Comment on routers/resources.py:248 (regex stricter than resolve_uploaded_temp_file_id) — same fix as above. Same root cause; folded into the same change.

Reviewer-Guide hint (in-function import of _resolve_temp_or_path) — fixed.
Verified no circular import by importing in both directions, then hoisted to module top.

Reviewer-Guide hint (defense-in-depth namespace check at signed-upload route) — fixed.
Tokens currently only carry server-controlled identity, but I added an explicit _is_safe_namespace_component check before constructing target_dir = upload_temp_dir / account_id / user_id. Future code paths that mint tokens from less-trusted input now can't escape the per-tenant directory either.

Comment on routers/resources.py:283 (partial-file leak on OSError/IO failure) — fixed.
Switched from try/except HTTPException to try/finally with a success flag. Any exception (HTTPException, OSError, etc.) now removes the partial file before propagating.

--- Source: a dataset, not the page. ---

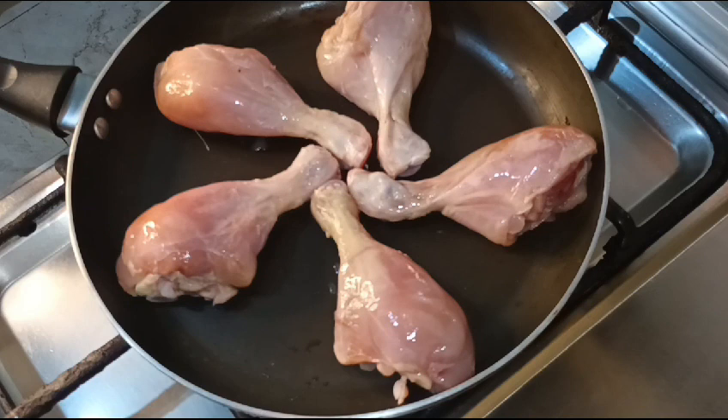First of all, we will boil the chicken. You have to boil them in water. They will become very soft and juicy.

Comment on routers/resources.py:174 (rglob("*") is O(N) per request) — partially mitigated.
Scoped _cleanup_temp_files to the tenant subdir in the signed-upload route, which bounds the scan to that tenant's stale entries. The legacy /temp_upload route still walks the flat root level on its own calls (unchanged behavior). Moving cleanup off the request path entirely (background task / cron) is a reasonable follow-up but felt out of scope for this PR.

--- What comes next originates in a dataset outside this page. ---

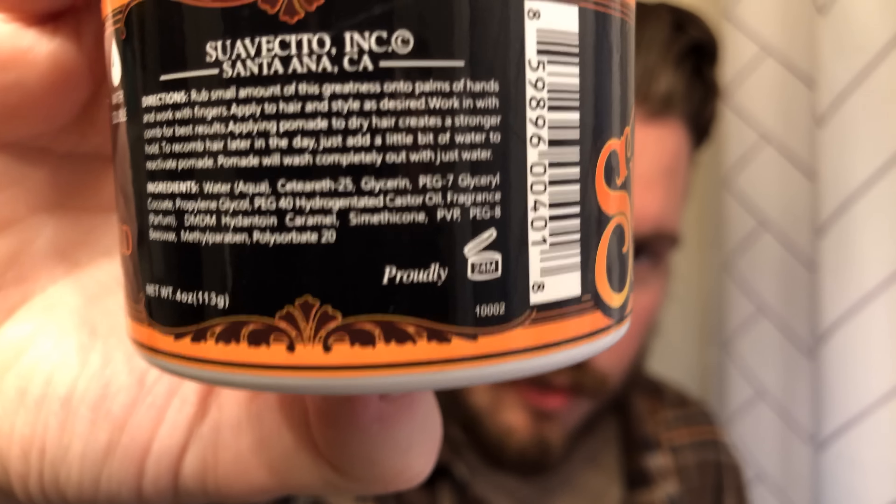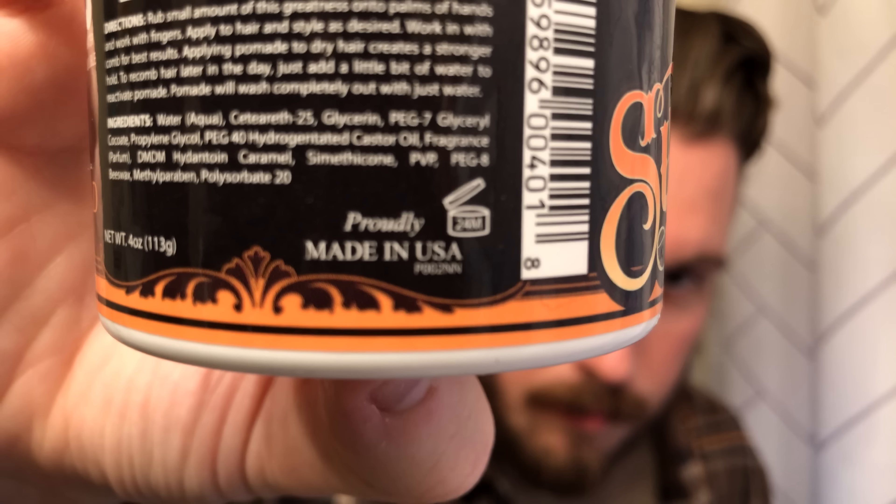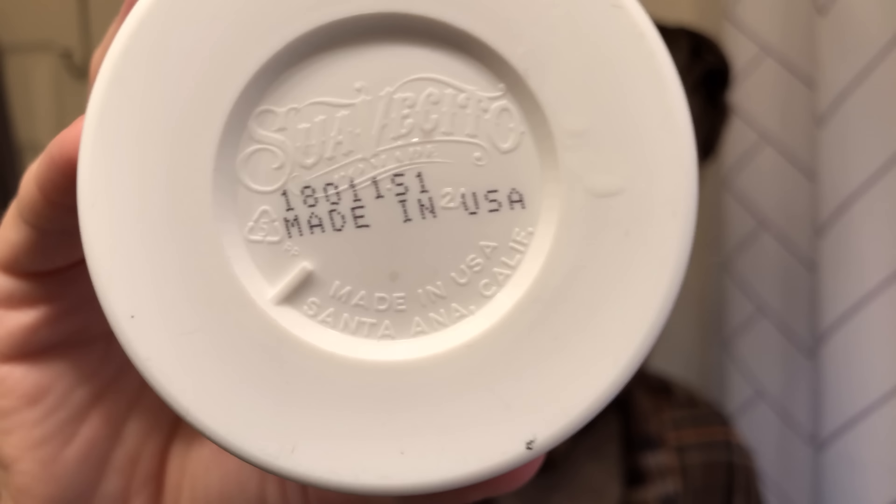Let's look at the fake Suavecito. It looks, for the most part, about 85% identical. Take the lid off — it even looks similar on the inside. It kind of smells like peach rings, like the candy — that's definitely nothing like the Suavecito scent at all. Here's a real Suavecito versus the fake one. On the fake, where it should say 'proudly made in the USA,' it just says the word 'proudly' — nothing else. The fake also has a cheaper looking label, like it's from a printer, whereas the real one looks more professionally done. And on the bottom of a real Suavecito can, they have the Suavecito name in the can itself — this one does not.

Comment on routers/resources.py:240 (PR description says PUT, code is POST) — fixed.
The MCP response prose has always said "HTTP POST … multipart/form-data", and the route is @router.post(...). The PR description had one stray "HTTP-PUT" reference (legacy of an earlier draft); edited the PR body to say "HTTP-POST endpoint".

All 50 new tests still green; ruff clean.